A Revolução de Agosto culminou com a abolição da monarquia vietnamita, forçando a abdicação do imperador Bao Dai. Duas semanas após o início da insurreição, Ho Chi Minh proclamou a independência do Vietnã e a instalação do governo provisório.

O levante mobilizou as massas e fortaleceu a luta contra a colonização francesa, que persistiria até 1954. A Revolução de Agosto foi o evento pivotal que possibilitou que o Vietnã superasse o estado de colônia semifeudal e se convertesse em uma república socialista.

A colonização francesa no Vietnã

Cobiçado pelos franceses desde o século 18, o Vietnã se tornou gradualmente uma colônia a partir das expedições enviadas por Napoleão III em 1858. O domínio francês sobre o país se aprofundou após a assinatura dos Tratados de Saigon (1862) e Hue (1867) e foi reafirmado com a derrota da China na Guerra Sino-Francesa. A exemplo do Camboja e do Laos, o Vietnã foi convertido em um protetorado francês, sendo formalmente anexado à Indochina Francesa em 1897.

Justificada como uma “missão civilizatória”, a colonização francesa foi marcada pela intensa exploração econômica e pela violenta repressão política contra o povo vietnamita. O país era visto como uma fonte de recursos abundantes, como a borracha, o arroz, o carvão e vários minerais essenciais para a indústria francesa e para o comércio global.

Os franceses confiscaram as terras dos camponeses, distribuindo-as a colonizadores e aliados locais. Além de serem classificados como subcidadãos em uma hierarquia social de matriz racista, os vietnamitas eram submetidos ao trabalho forçado nas minas de carvão e estanho e na extração da borracha. O governo colonial impunha impostos pesados aos nativos e mantinha o monopólio do comércio sobre vários produtos.
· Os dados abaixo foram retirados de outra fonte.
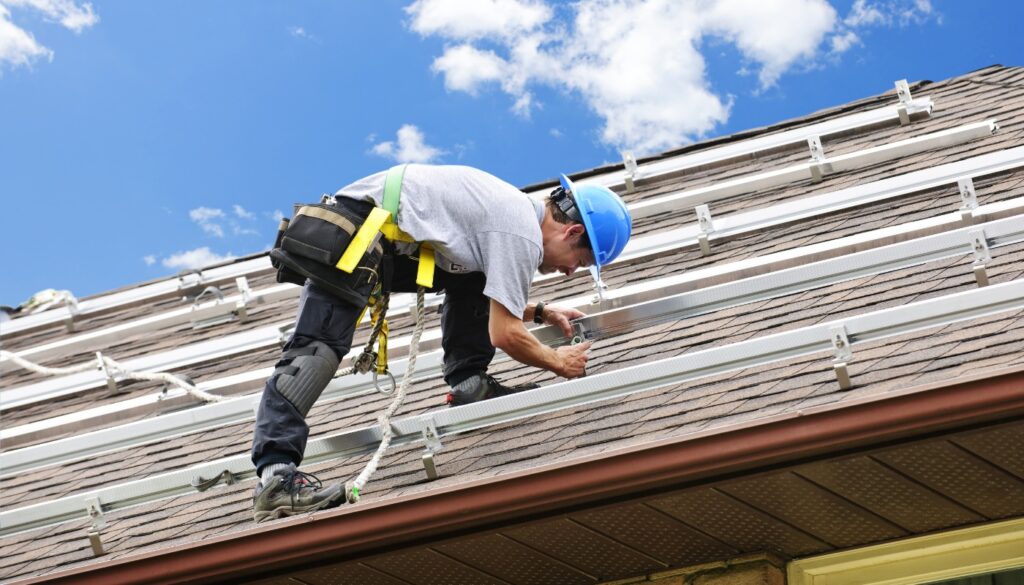 fassaadide soojustamine, fassaadide renoveerimine, fassaadide soojustamine pärnus, radiva ehitus, katusetööd, katuse parandamine, katuse tööd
A violência da colonização francesa incitou o surgimento de uma série de movimentos nacionalistas e emancipacionistas. Os primeiros movimentos de resistência foram liderados por intelectuais confucianos e mandarins, a exemplo do “Can Vuong”. No início do século 20, líderes como Phan Boi Chau e Phan Chau Trinh ajudaram a promover boicotes. E em 1917, soldados e prisioneiros de Thai Nguyen iniciaram um motim contra o domínio francês.

Ho Chi Minh e os comunistas

O movimento nacionalista do Vietnã se fortaleceu após o término da Primeira Guerra Mundial, insuflado pela ação de jovens revolucionários comunistas, sob a liderança de Ho Chi Minh e Vo Nguyen Giap. O movimento autonomista ganhou forte apoio entre os camponeses na década de 1920, espalhando-se também entre as classes urbanas, sobretudo os estudantes organizados.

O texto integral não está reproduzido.